## Multi-criteria Objective Function

### MIP Problem Definition
* Sets: J (Orders/Missions), $I_{max}$ (Max number of operators), U (Order types).
Note that J can be expanded in $J' = J \cup \{\text{0}\}$ in order to have the initial base virual node.
* Variables: $x_{ij}$ (Assignment), $S_{j}$ (Start Time), ${Cj}$ (Completion Time), $y_{i}$ (Operator Activation), $S_{i, first}$(Operator Start Time), $C_{i, last}$(Operator Completion Time), Z (Makespan)	  
Sequencing variable: $z_{ikj}$ (operator i goes from order k to order j)
* Parameters:
  - $P_{ij}$(Processing time) => time of loading and unloading of pallet j.
  - $T{jk}$ (Travel time from j to k) => calculated basing on any possible.combination between two orders i and k.
  - $Q{it}$ (Skill score) => the score that a fork_lift is adequate to pallet dimensions and its enabled to elaborate it.
  - $O{jt}$ (Order type) => contains the pallet/mission type for each order.
  - $H_{fixed}$ (Work hours per operator/machine)
  - M (Big number)

*Note that all time units should be standarized {shift time, operator speed that affect the processing time, ...}, any distances are misured in "meter", any time is mesured in "minute" and speeds are misured in meter/minute.  
*Note that aiming to have a less loss in fork space it'll open another optimization question by adding another criteria in our objective function. So as a semplification, we would ignore this condition.

#### Constaints and Objective function

1. Each order j is assigned to a single operator i
$$\sum_{i \in I{max}} x_{i j} = 1 \quad \forall j \in J$$

2. The type of order j should be handled by an operator i that has skill score >= 1 for such order
 $$\sum_{u \in U} O_{j u} \cdot Q_{i, u} \ge x_{i j} \quad \forall i \in I_{max}, j \in J$$

3. The linking between order k and order j over the same operator i
 $$\sum_{k \in J \cup \{\text{Base}\}} z_{i k j} = x_{i j} \quad \forall i \in I_{max}, j \in J$$
(The operator i must travel to j if and only if i is assigned to j.)
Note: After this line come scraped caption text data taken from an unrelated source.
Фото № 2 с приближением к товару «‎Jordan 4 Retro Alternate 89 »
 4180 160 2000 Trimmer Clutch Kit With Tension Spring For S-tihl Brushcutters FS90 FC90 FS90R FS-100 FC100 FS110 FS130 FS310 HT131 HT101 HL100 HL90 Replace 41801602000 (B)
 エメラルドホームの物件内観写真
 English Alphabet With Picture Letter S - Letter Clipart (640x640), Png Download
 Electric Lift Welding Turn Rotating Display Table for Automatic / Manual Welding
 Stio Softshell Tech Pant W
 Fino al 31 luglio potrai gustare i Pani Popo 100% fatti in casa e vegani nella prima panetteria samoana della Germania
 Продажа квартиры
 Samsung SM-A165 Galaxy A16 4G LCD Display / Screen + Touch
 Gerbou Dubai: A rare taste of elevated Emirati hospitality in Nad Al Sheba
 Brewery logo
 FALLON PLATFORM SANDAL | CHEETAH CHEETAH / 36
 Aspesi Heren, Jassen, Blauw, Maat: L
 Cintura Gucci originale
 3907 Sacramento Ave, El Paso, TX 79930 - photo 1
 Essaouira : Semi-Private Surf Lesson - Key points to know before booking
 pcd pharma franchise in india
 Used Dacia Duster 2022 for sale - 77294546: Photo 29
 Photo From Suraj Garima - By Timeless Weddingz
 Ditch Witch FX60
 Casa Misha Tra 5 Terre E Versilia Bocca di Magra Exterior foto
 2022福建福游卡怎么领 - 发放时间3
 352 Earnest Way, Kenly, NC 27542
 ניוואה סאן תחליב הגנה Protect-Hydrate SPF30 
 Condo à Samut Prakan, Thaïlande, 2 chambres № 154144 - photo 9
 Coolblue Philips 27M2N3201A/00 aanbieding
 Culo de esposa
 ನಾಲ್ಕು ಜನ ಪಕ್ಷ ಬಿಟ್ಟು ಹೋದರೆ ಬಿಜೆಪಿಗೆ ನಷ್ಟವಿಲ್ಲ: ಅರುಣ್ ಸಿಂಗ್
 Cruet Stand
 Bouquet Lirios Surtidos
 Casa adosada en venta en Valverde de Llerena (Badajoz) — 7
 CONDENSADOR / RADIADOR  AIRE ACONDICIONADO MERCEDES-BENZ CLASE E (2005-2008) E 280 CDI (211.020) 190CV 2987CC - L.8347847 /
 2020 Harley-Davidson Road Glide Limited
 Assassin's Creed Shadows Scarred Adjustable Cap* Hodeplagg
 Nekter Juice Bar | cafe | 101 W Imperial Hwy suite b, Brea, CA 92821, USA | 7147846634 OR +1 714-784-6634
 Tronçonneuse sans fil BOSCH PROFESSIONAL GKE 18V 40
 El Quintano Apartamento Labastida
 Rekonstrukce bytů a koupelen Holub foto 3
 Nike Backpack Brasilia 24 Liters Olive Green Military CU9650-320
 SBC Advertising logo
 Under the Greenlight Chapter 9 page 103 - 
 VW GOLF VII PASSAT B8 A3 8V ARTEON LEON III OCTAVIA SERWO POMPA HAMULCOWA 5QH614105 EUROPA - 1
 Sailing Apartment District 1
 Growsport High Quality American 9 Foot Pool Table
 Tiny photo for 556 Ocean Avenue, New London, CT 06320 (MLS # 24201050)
4. the number of flow-ins (j->k) should be equal to the number flow-outs (l->j) of the same operator i for any order j
$$\sum_{k \in J \cup \{\text{Base}\}} z_{i j k} = \sum_{l \in J \cup \{\text{Base}\}} z_{i l j} \quad \forall i \in I_{max}, j \in J \text{ and } k \ne l$$
(Including both directions towards the base)

5. Time sequencing (the start time of order k is after the completion time of the previous linked order j + the travel time to reach order k)
$$S_k \ge C_j + T_{j k} - M \cdot (1 - z_{i j k}) \quad \forall i \in I_{max}, j, k \in J, j \ne k$$
(M is a big number that activate the constraint in case of linking order k and order j; otherwise, the constraint give a very large negative number)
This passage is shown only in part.